### INFORMATION SUPPLIED:
-------------------------

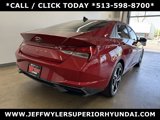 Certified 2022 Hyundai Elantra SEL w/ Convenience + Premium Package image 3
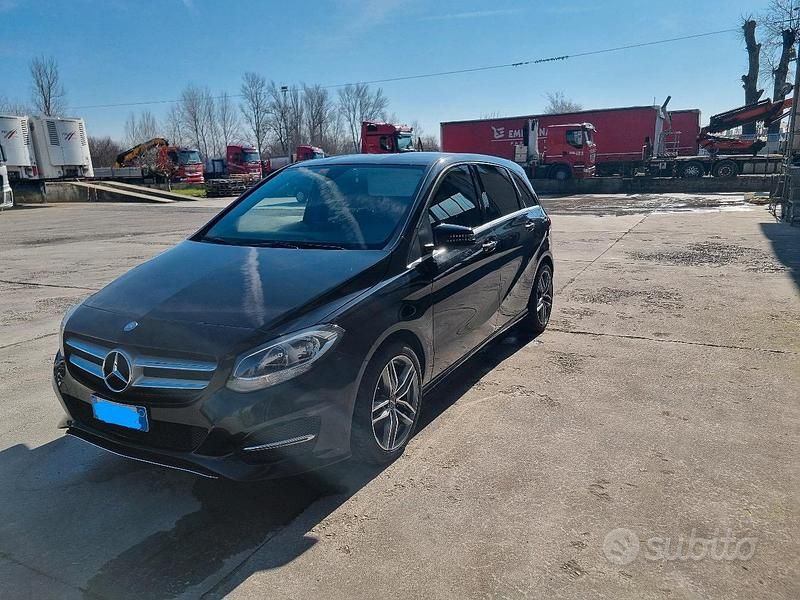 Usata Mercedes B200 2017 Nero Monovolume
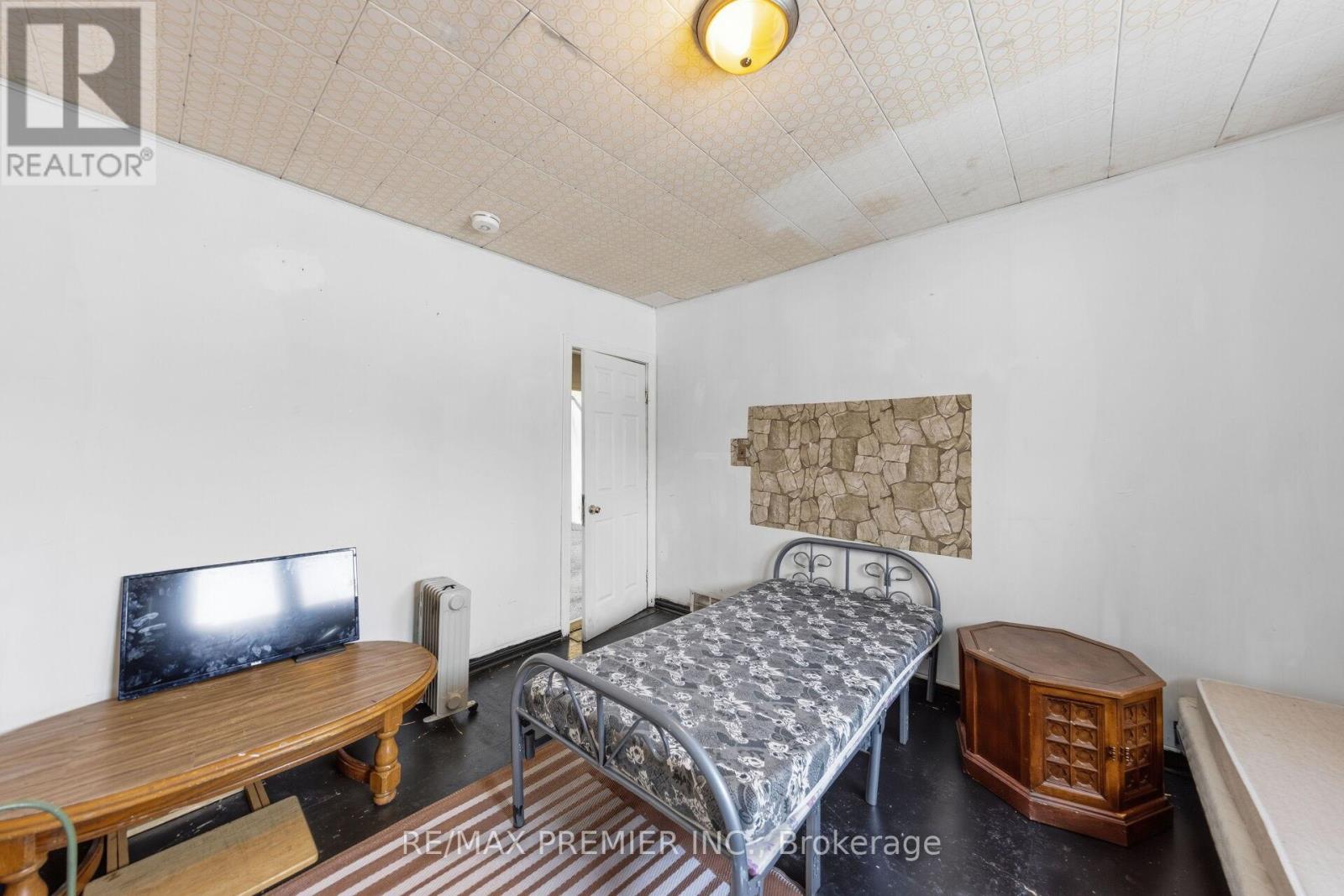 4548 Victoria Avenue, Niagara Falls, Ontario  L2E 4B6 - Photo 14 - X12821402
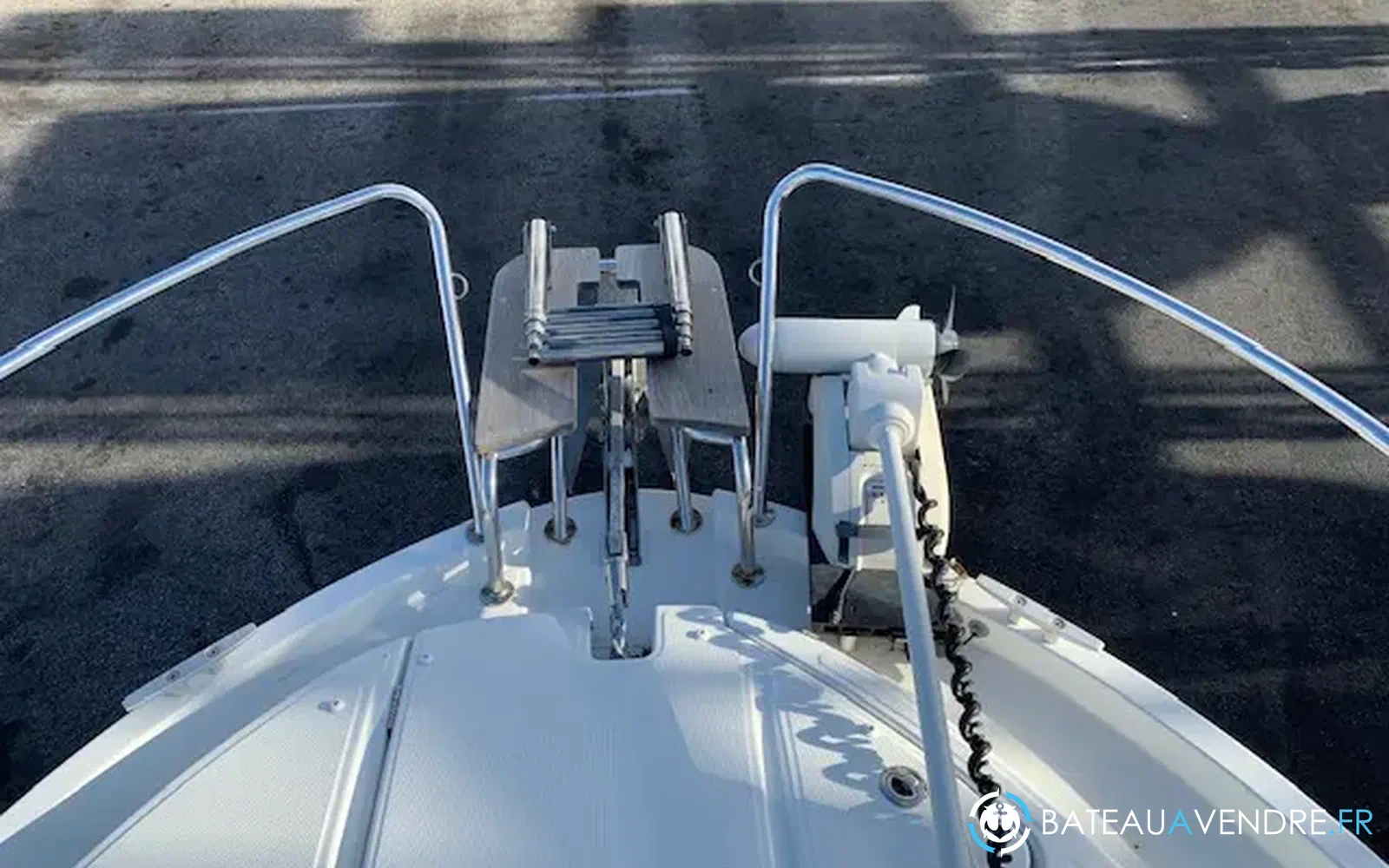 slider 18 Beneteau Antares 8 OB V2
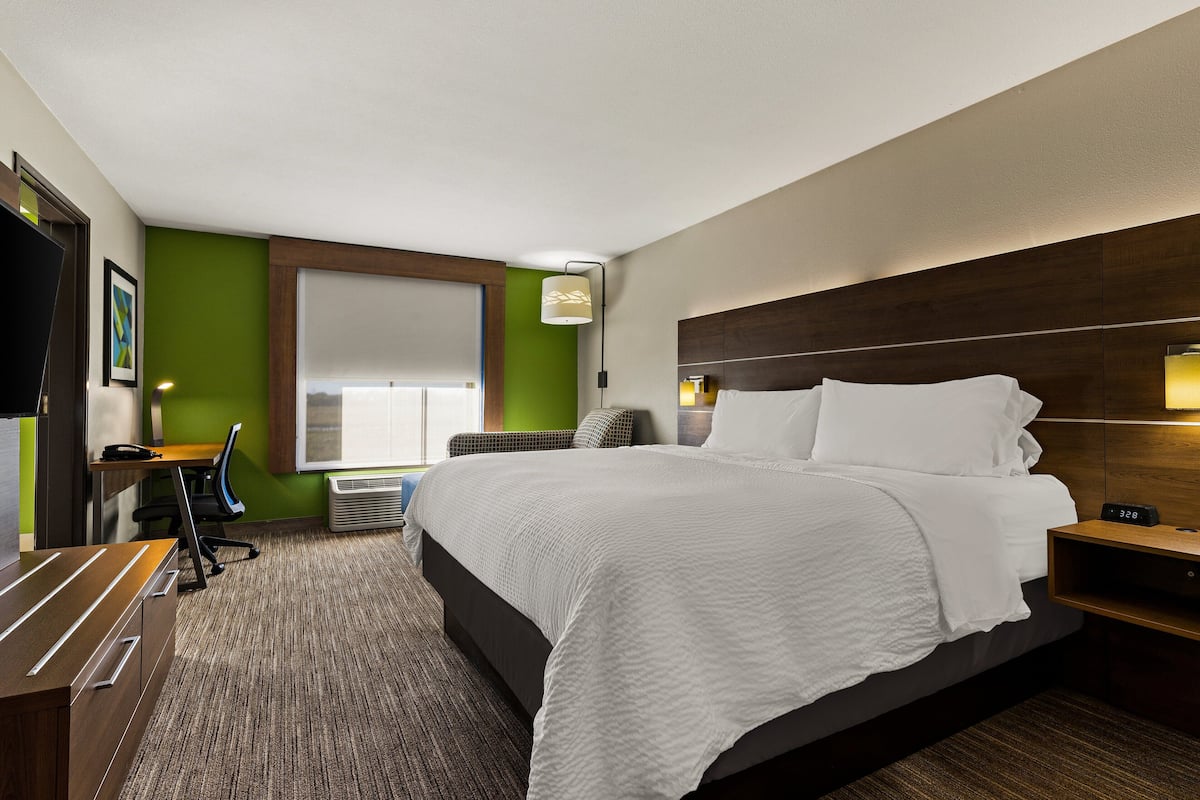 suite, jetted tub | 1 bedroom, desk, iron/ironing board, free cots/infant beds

-------------------------

### WHAT TO DO:
Could you return each line, unchanged, from the line containing "4548 Victoria Avenue, Niagara" through the last line of the entries above, leaving out the pictures?

### RESULT:
 4548 Victoria Avenue, Niagara Falls, Ontario  L2E 4B6 - Photo 14 - X12821402
 slider 18 Beneteau Antares 8 OB V2
 suite, jetted tub | 1 bedroom, desk, iron/ironing board, free cots/infant beds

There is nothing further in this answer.